- TASK BRIEF -
Beginning at the line containing "Buy Quarter Inch", repeat each line below exactly up to and including the line containing "VW Jetta 1.6TDI". Do not repeat the pictures.

- RECORDS FOR THIS TASK -
-.-.-
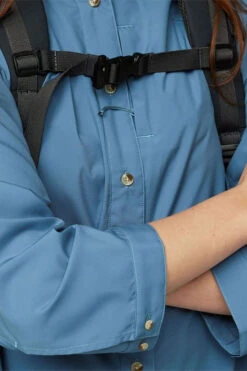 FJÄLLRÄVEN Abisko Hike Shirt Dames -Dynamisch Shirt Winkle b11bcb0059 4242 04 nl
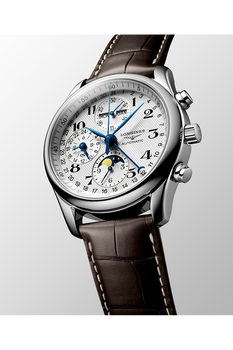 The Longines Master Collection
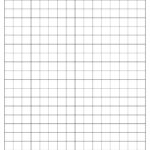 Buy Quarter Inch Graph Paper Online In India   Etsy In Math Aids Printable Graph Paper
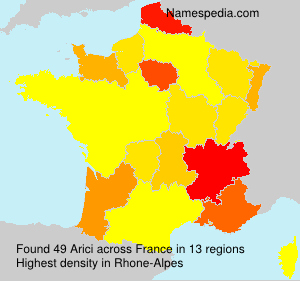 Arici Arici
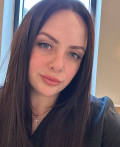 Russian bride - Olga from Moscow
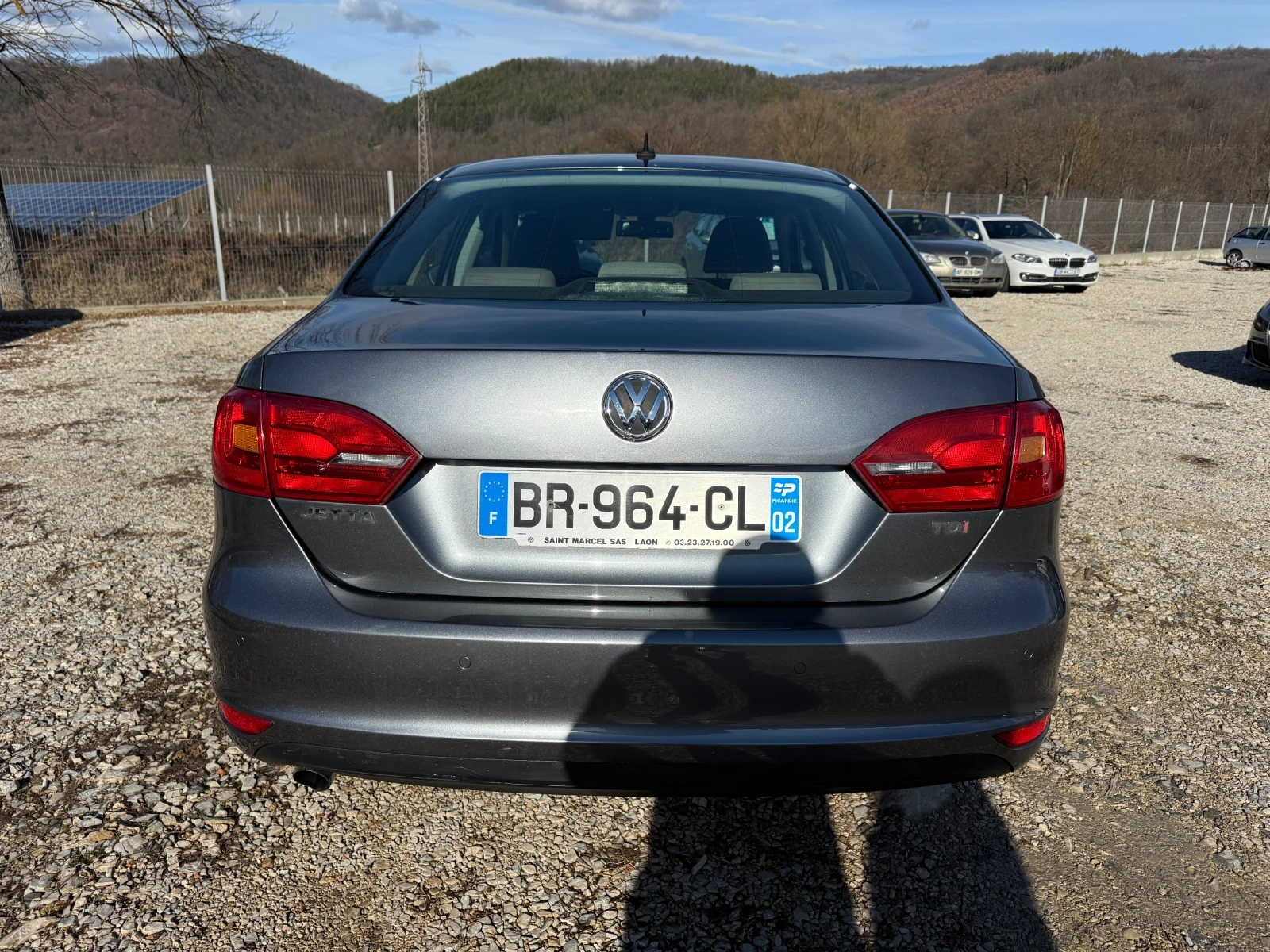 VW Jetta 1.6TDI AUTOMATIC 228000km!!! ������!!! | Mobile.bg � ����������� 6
-.-.-
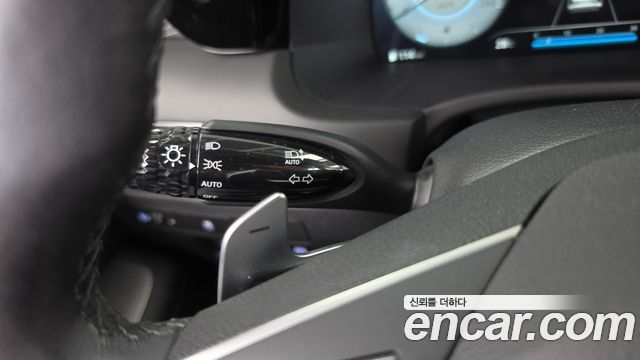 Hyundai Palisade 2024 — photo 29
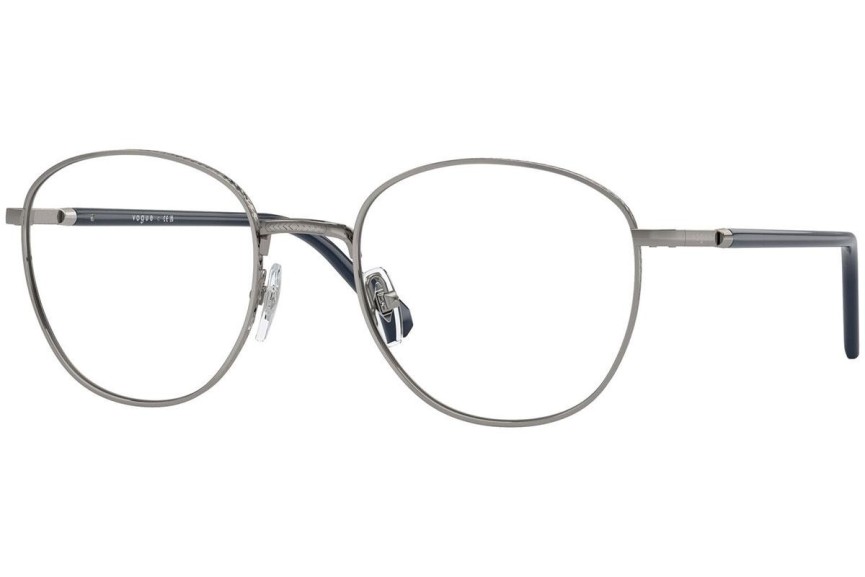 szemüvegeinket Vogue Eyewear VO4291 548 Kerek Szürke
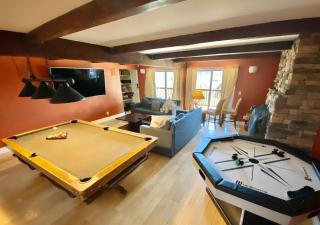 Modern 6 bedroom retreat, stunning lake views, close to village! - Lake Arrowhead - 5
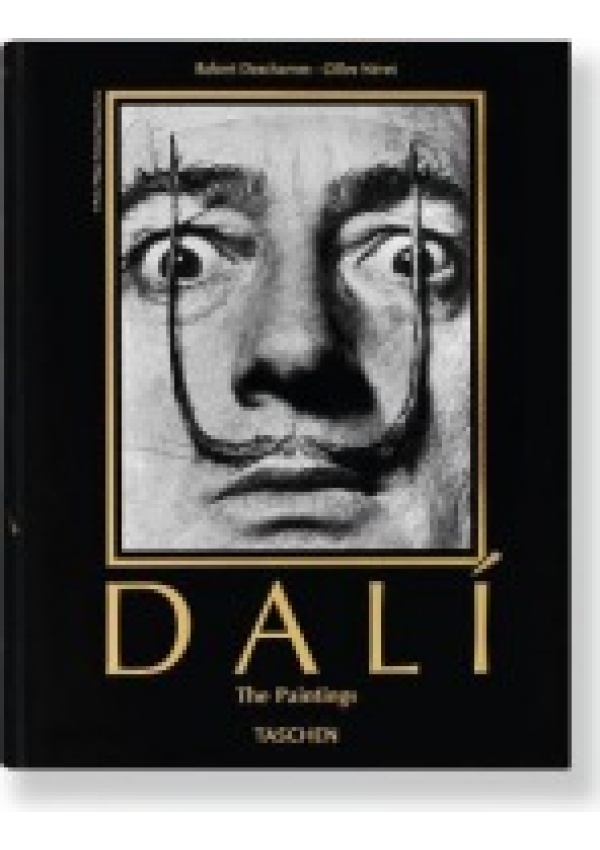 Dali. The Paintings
-.-.-
- SOLUTION BELOW -
 Buy Quarter Inch Graph Paper Online In India   Etsy In Math Aids Printable Graph Paper
 Arici Arici
 Russian bride - Olga from Moscow
 VW Jetta 1.6TDI AUTOMATIC 228000km!!! ������!!! | Mobile.bg � ����������� 6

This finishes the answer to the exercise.